AgentSkillsCN

pytest-unit-testing

全面指南:如何用Python中的pytest高效编写单元测试。适用于以下场景:(1) 新建测试文件或测试函数;(2) 在项目中搭建pytest环境;(3) 测试会抛出错误或异常的函数;(4) 确定测试范围与测试方式;(5) 通过fixture与参数化复用测试代码;(6) 测试数据处理函数(尤其是pandas与numpy);(7) 调试失败的测试用例。本技能强调纯函数设计、清晰的测试组织结构,以及可测试代码与良好代码设计之间的紧密关联。

SKILL.md
--- frontmatter
name: pytest-unit-testing
description: "Comprehensive guide for writing effective unit tests with pytest in Python. Use when: (1) Writing new test files or test functions, (2) Setting up pytest in a project, (3) Testing functions that raise errors or exceptions, (4) Deciding what to test and how, (5) Reusing test code with fixtures and parametrization, (6) Testing data processing functions (especially pandas/numpy), (7) Debugging failing tests. This skill emphasizes pure functions, clear test organization, and the relationship between testable code and good code design."

Unit Testing with pytest

Core Philosophy

Unit testing validates that individual pieces of code work correctly in isolation. The key insight: code that is easy to test is usually well-designed code. Writing tests forces you to think about function interfaces, inputs, outputs, and edge cases.

Why Test?

  1. Catch bugs early - Before they compound into harder problems
  2. Enable safe refactoring - Change code confidently knowing tests verify behavior
  3. Document expected behavior - Tests serve as executable specifications
  4. Improve code design - Testable code tends to be modular and well-structured

Pure Functions: The Foundation of Testable Code

Pure functions are the easiest to test because they:

  • Always return the same output for the same input
  • Have no side effects (don't modify external state)
  • Don't depend on external state (files, databases, time, random)
python
# ✅ Pure function - easy to test
def calculate_tax(income, rate):
    return income * rate

# ❌ Impure function - hard to test
def calculate_tax_and_log(income, rate):
    result = income * rate
    with open("log.txt", "a") as f:  # Side effect
        f.write(f"{result}\n")
    return result

Design principle: Extract the pure logic from impure operations.
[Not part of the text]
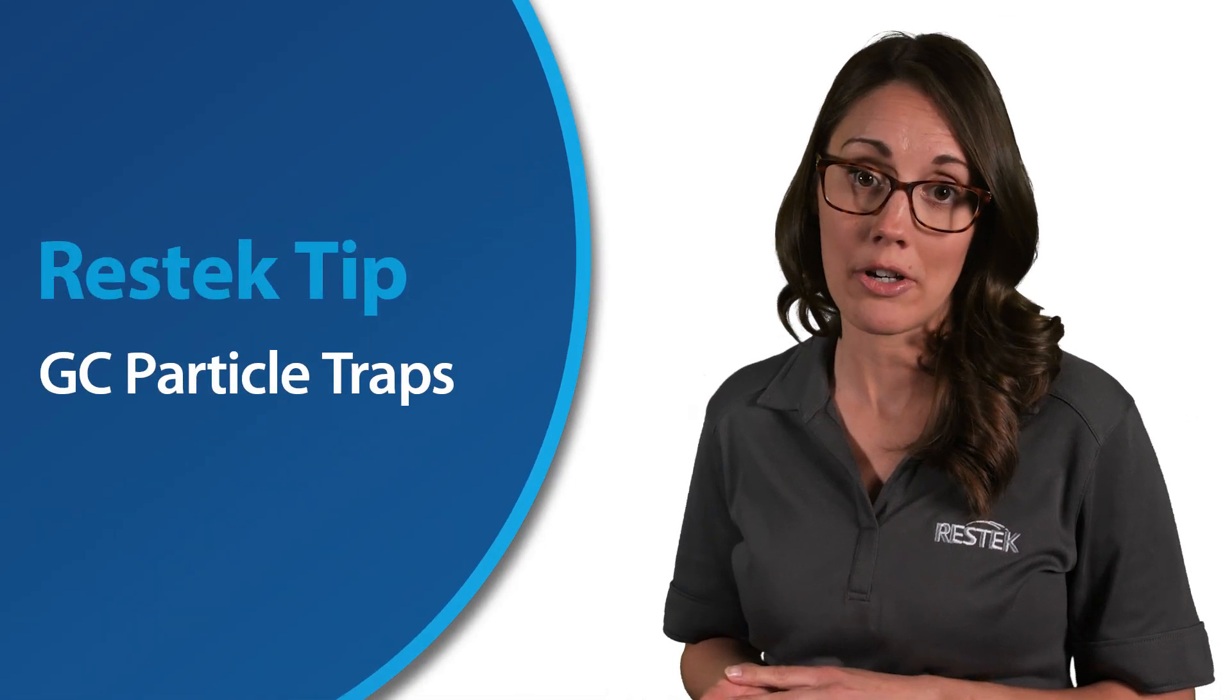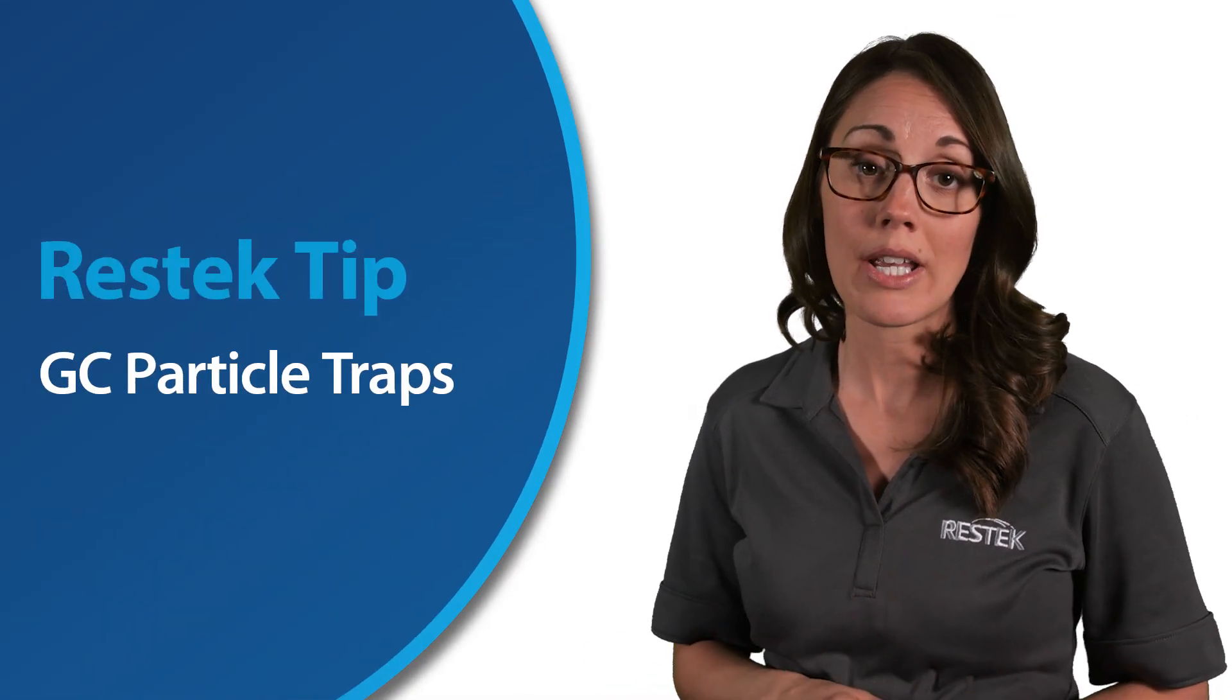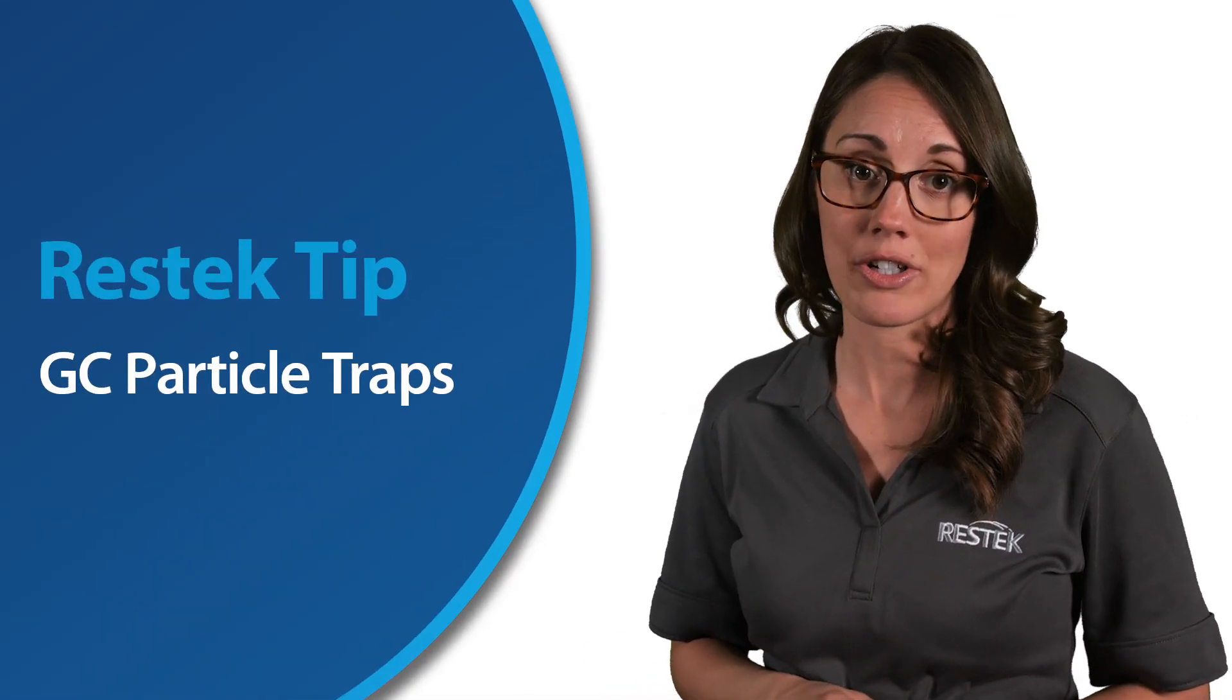In this RESTec tip, we're going to look at connecting a GC plot column to a particle trap using a press-tight connector. Let's begin by exploring what a particle trap is and how it works.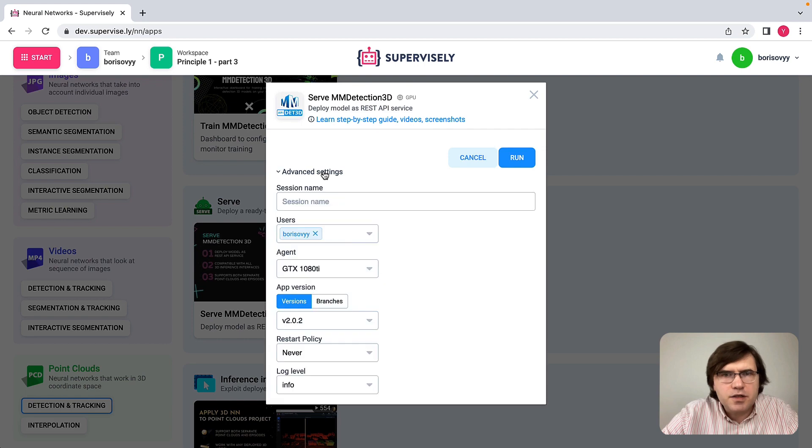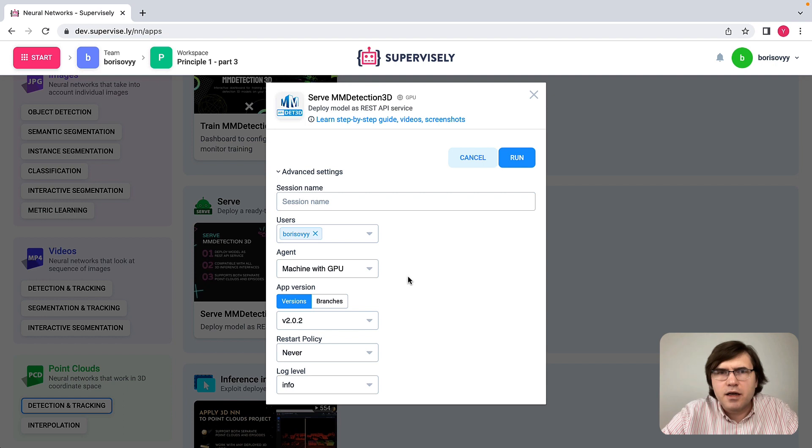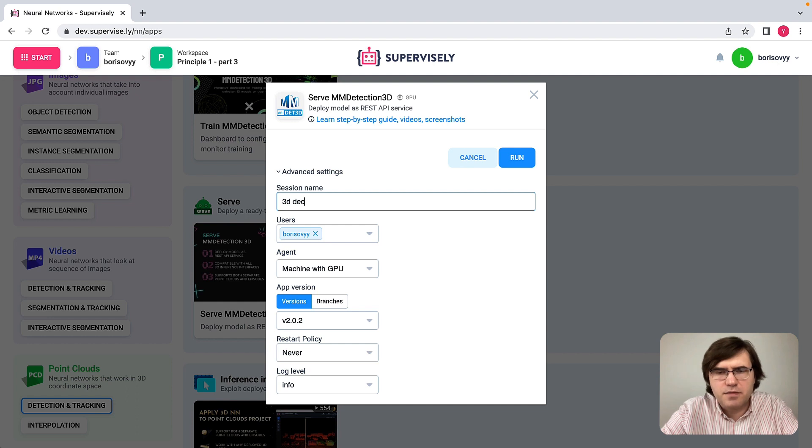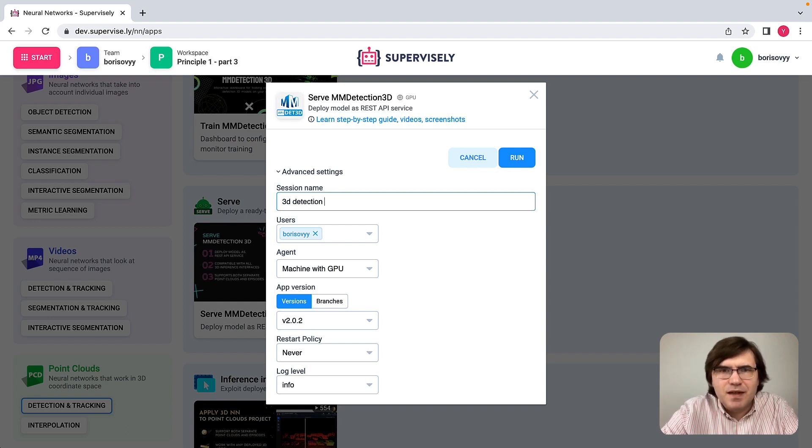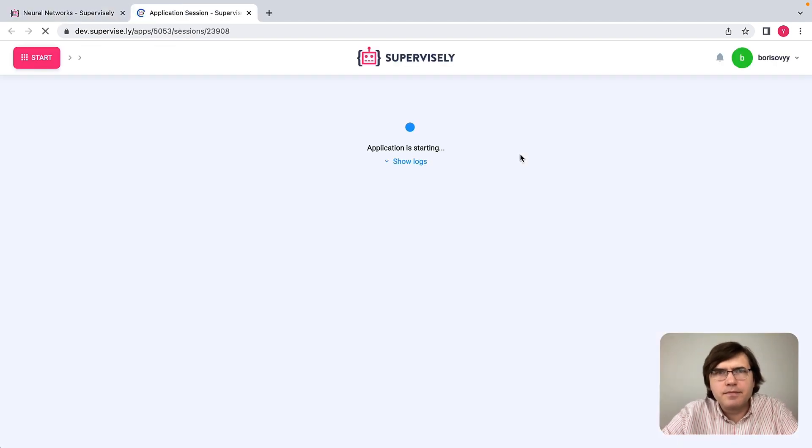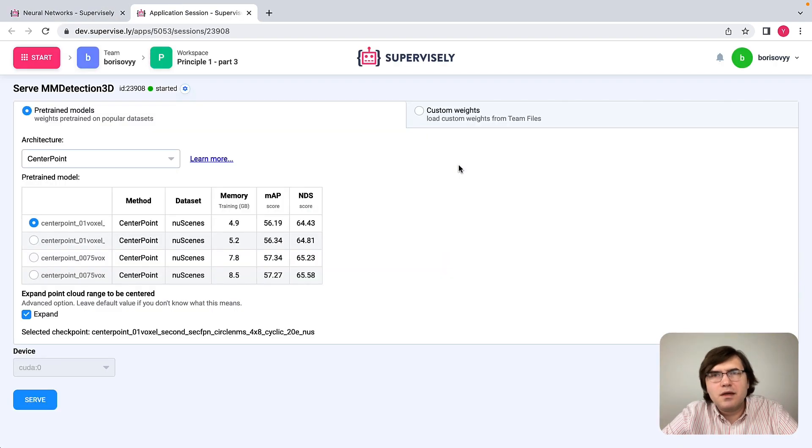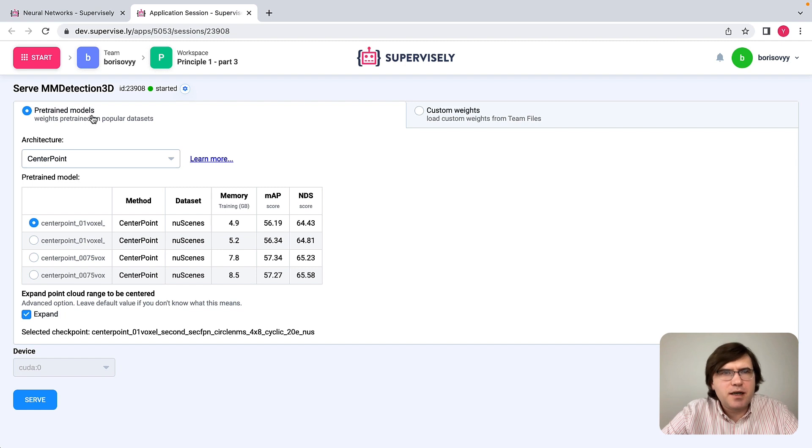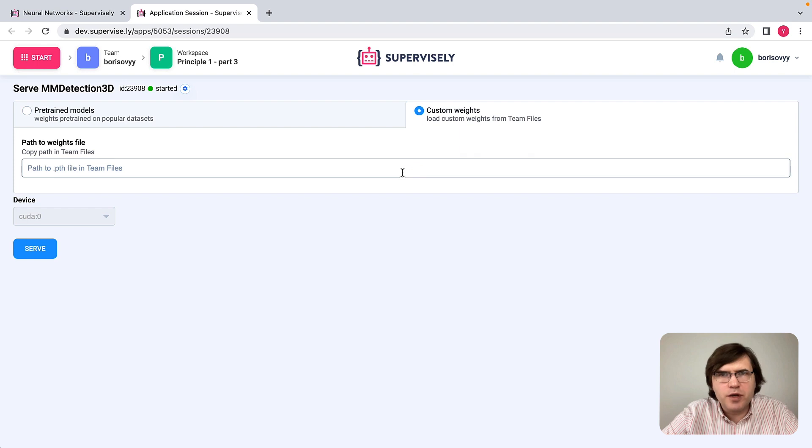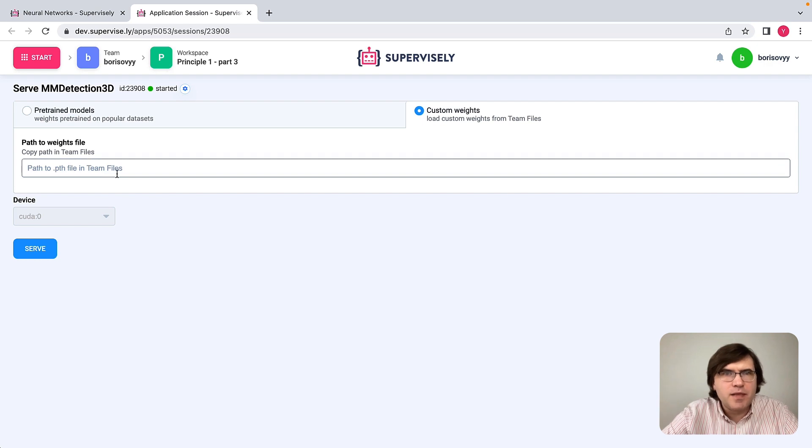I will run this one on the same machine as I run smart tool. So maybe I will give a session name here like 3D Detection model. The app is started, and I can pick here various pre-trained models and deploy them. Or I can deploy a custom model by defining the path to the weight file, the file with model weights.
Test the pure part thoroughly.

pytest Mechanics

File and Function Discovery

pytest automatically discovers tests using these conventions:

PatternWhat pytest finds
test_*.py or *_test.pyTest files
test_* functionsTest functions
Test* classesTest classes
code
project/
├── src/
│   └── calculations.py
└── tests/
    ├── test_calculations.py    # ✅ discovered
    └── helper_utils.py         # ❌ not discovered (no test_ prefix)

Running Tests

bash
# Run all tests
pixi run pytest

# Verbose output (shows each test name)
pixi run pytest -v

# Run specific file
pixi run pytest tests/test_calculations.py

# Run specific test function
pixi run pytest tests/test_calculations.py::test_add_positive_numbers

# Stop on first failure
pixi run pytest -x

# Run with debugger on failure
pixi run pytest --pdbp

Writing Tests

Basic Assertions

pytest uses plain assert statements. On failure, pytest shows detailed comparison:

python
def test_add_numbers():
    result = add(2, 3)
    assert result == 5

def test_list_contains_item():
    items = get_items()
    assert "apple" in items
    assert len(items) == 3

def test_approximate_equality():
    # For floats, use pytest.approx
    assert calculate_pi() == pytest.approx(3.14159, rel=1e-5)

Testing DataFrames (pandas)

python
import pandas as pd
import pandas.testing as tm

def test_clean_data():
    raw = pd.DataFrame({"value": ["-99", "10", "-77"]})
    result = clean_missing_codes(raw)
    
    expected = pd.DataFrame({"value": [pd.NA, 10, pd.NA]})
    tm.assert_frame_equal(result, expected)

def test_column_types():
    df = process_data(input_df)
    assert df["category"].dtype == pd.CategoricalDtype()

Testing NumPy Arrays

python
import numpy as np
import numpy.testing as npt

def test_array_calculation():
    result = normalize(np.array([1, 2, 3]))
    expected = np.array([0.0, 0.5, 1.0])
    npt.assert_array_almost_equal(result, expected)

Testing Exceptions

Use pytest.raises to verify code raises expected errors:

python
import pytest

def test_divide_by_zero_raises():
    with pytest.raises(ZeroDivisionError):
        divide(10, 0)

def test_invalid_input_message():
    # Also verify the error message
    with pytest.raises(ValueError, match="must be positive"):
        calculate_sqrt(-5)

def test_type_error_for_wrong_input():
    with pytest.raises(TypeError) as exc_info:
        process_data("not a list")
    assert "must be a list" in str(exc_info.value)

What to Test

Test Categories

  1. Normal cases - Expected inputs produce expected outputs
  2. Edge cases - Boundary conditions, empty inputs, single elements
  3. Error cases - Invalid inputs raise appropriate exceptions

Example: Testing a Data Cleaning Function

python
def clean_agreement_scale(sr):
    """Convert survey responses to ordered categorical."""
    sr = sr.replace({"-77": pd.NA, "-99": pd.NA})
    categories = ["strongly disagree", "disagree", "neutral", "agree", "strongly agree"]
    return sr.astype(pd.CategoricalDtype(categories=categories, ordered=True))

Tests to write:

python
def test_clean_agreement_normal_values():
    """Normal case: valid responses are preserved."""
    sr = pd.Series(["agree", "disagree"])
    result = clean_agreement_scale(sr)
    assert list(result) == ["agree", "disagree"]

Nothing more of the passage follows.